[Task to complete]: Once the images are removed, repeat all of the entries exactly.

** Opening Data provided block **

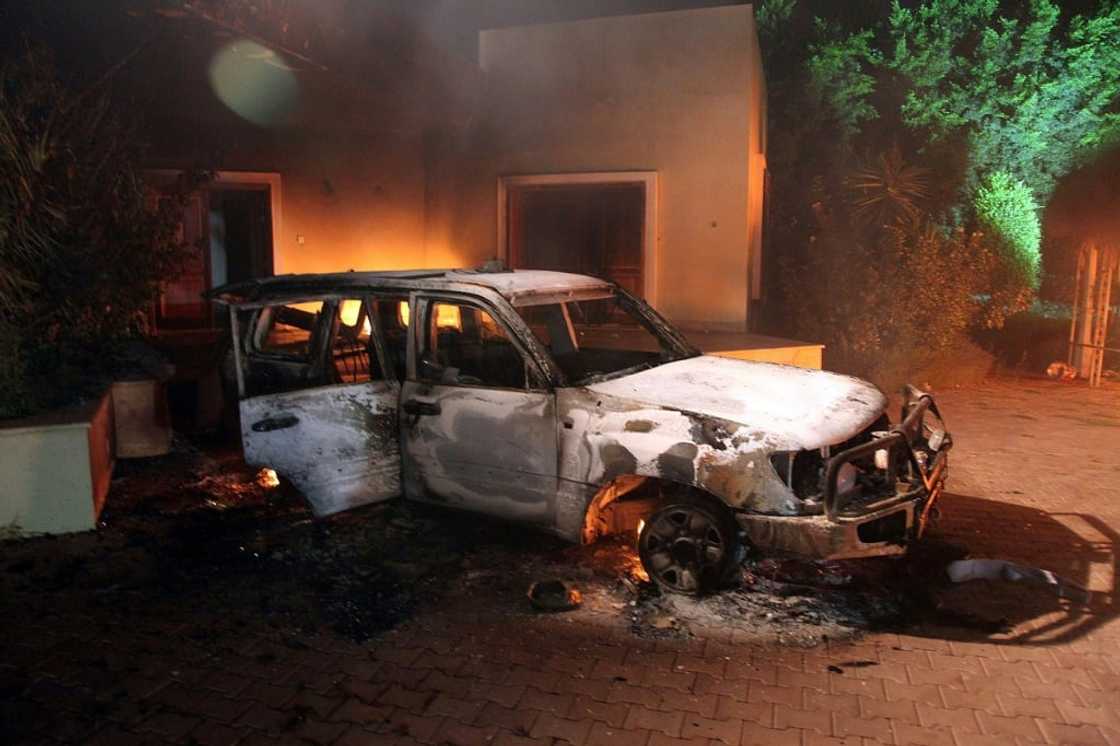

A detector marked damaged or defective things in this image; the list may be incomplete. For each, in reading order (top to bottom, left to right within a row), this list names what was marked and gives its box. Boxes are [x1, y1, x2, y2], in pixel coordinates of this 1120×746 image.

burned-out suv [208, 268, 944, 592]
charred vehicle frame [206, 268, 948, 592]
fire-damaged facade [212, 268, 952, 592]
burnt tire [644, 494, 740, 592]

** Closing Data provided block **

[The completed task]:
A detector marked damaged or defective things in this image; the list may be incomplete. For each, in reading order (top to bottom, left to right within a row), this list names what was marked and gives its box. Boxes are [x1, y1, x2, y2], in pixel coordinates of this 1120×746 image.

burned-out suv [208, 268, 944, 592]
charred vehicle frame [206, 268, 948, 592]
fire-damaged facade [212, 268, 952, 592]
burnt tire [644, 494, 740, 592]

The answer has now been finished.